Do you worry that changes in .Net could leave people behind? - D_Guidi
https://odetocode.com/blogs/scott/archive/2019/06/24/questions-from-the-ndc-oslo-panel-discussion-on-the-future.aspx
======
UglyToad
Interested to hear of other people's experiences with async await either in C#
or other languages. It took a while to click for me in C# but now I understand
it, it seems intuitive and usable and I'd be interested to know if there are
superior alternatives.

The thing about ConfigureAwait, for those who aren't familiar with .NET is, as
far as I understand it, about the context on the thread prior to the async
call (this used to include things like the User in an HTTP context) being
restored on the thread which resumes after the call. In a sync block on async
calls this could cause deadlocking due to the waiting thread not being able to
get the context since it never got released. But as far as I'm aware in .NET
Core 2 this is no longer a problem for Web apps anyway.

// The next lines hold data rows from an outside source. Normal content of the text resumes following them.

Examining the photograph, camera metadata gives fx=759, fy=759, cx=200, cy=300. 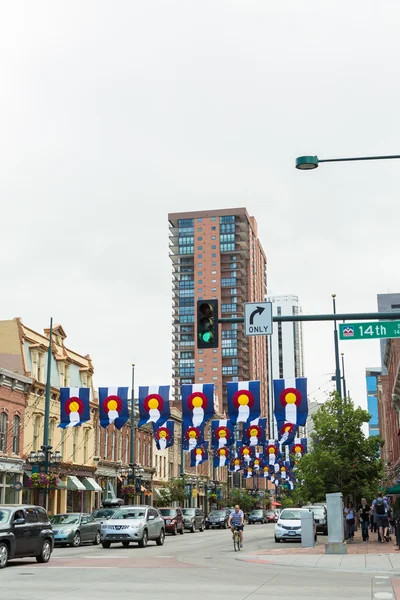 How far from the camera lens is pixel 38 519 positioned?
2206 cm

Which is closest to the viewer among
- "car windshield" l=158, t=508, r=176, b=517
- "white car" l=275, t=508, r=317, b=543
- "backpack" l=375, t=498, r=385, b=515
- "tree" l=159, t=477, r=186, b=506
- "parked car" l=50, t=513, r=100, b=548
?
"backpack" l=375, t=498, r=385, b=515

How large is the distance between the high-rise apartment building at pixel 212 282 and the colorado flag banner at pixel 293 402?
124 metres

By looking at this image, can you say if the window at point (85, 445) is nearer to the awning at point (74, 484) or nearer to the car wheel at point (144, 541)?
the awning at point (74, 484)

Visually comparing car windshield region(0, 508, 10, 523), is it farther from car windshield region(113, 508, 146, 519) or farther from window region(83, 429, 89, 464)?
window region(83, 429, 89, 464)

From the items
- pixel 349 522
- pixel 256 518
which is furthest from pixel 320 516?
pixel 256 518

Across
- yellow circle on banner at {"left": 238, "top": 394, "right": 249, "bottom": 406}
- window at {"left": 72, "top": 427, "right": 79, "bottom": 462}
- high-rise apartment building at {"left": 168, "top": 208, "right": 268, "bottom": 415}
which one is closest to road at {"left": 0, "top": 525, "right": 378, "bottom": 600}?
yellow circle on banner at {"left": 238, "top": 394, "right": 249, "bottom": 406}

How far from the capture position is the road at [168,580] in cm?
1422

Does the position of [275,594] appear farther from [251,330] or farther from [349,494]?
[349,494]

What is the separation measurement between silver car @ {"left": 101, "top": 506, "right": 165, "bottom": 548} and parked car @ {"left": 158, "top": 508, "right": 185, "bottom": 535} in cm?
1231

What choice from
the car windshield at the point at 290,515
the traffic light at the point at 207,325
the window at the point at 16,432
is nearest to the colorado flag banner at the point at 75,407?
the window at the point at 16,432

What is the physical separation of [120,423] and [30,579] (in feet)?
78.9

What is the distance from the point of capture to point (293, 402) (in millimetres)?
38844

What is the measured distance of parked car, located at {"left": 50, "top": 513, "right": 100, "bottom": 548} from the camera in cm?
3219

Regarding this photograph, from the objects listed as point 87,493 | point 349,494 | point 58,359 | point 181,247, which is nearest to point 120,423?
point 349,494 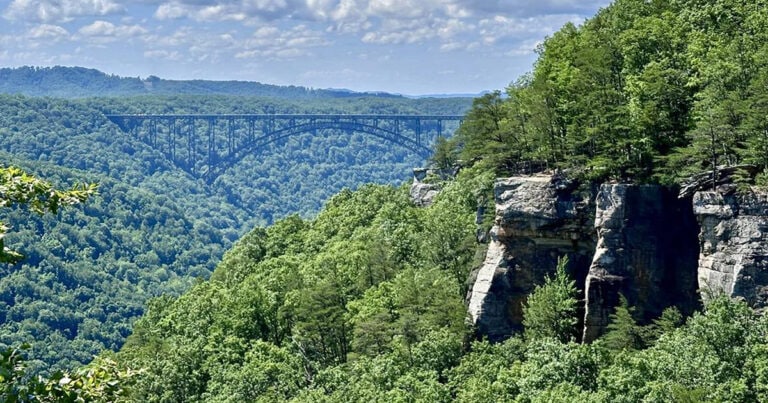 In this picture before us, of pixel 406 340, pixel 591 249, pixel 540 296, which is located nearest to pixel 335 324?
pixel 406 340

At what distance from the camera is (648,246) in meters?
28.0

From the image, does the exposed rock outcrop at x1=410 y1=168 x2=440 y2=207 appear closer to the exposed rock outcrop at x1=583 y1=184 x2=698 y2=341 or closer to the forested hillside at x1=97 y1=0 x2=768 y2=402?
the forested hillside at x1=97 y1=0 x2=768 y2=402

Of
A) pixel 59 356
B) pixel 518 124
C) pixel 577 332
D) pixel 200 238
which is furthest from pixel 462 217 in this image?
pixel 200 238

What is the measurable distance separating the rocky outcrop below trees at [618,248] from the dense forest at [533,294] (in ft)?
2.10

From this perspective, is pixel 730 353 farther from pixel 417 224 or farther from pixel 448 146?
pixel 448 146

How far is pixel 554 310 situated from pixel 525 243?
2734 mm

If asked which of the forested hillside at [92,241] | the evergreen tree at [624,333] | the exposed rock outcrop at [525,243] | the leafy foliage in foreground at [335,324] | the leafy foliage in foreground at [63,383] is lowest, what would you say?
the forested hillside at [92,241]

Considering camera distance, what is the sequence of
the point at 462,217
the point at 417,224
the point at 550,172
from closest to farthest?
the point at 550,172
the point at 462,217
the point at 417,224

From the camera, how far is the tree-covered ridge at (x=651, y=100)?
88.5 feet

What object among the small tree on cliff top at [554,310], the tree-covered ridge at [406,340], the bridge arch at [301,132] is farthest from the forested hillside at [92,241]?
the small tree on cliff top at [554,310]

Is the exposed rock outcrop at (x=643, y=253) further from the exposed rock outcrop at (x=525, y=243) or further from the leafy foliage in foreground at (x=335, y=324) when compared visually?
the leafy foliage in foreground at (x=335, y=324)

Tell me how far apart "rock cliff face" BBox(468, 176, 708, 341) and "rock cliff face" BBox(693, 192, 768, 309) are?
4.05ft

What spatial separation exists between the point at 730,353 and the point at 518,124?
14.4m

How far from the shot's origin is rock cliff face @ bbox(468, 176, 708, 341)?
27.9m
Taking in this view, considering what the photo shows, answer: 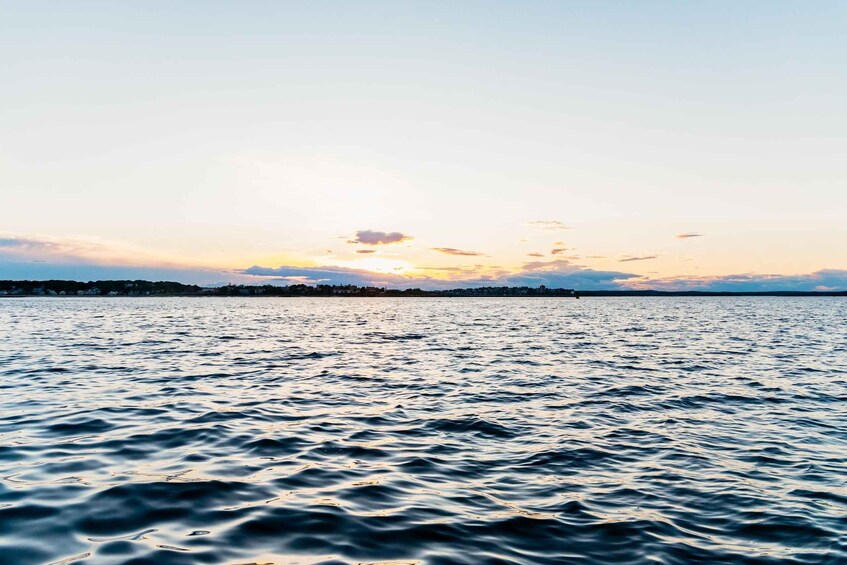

I know there's been a lot of talk about Rust adopting a slightly different
approach and JavaScript seems to have gone through about 3 iterations so there
are definitely different models out there, I just find it hard to picture how
different models work so it would be good to know some guides or tutorials to
check out for other good systems.

------
qes
> I think EF needs to expand its reach far beyond relational databases.

I'm not sure I could disagree more. I don't think it's feasible to abstract
away the underlying realities of different data stores. That tends to end in a
mediocre API that handcuffs you from utilizing the advantages of choosing
varying data stores in the first place.

ORMs in general already suffer this criticism with relational data stores.
Trying to make an ORM cover documents and graphs and whatever else will be
worse.

I also thought the Microsoft and the .Net community were moving away from
stuffing everything and the kitchen sink in together.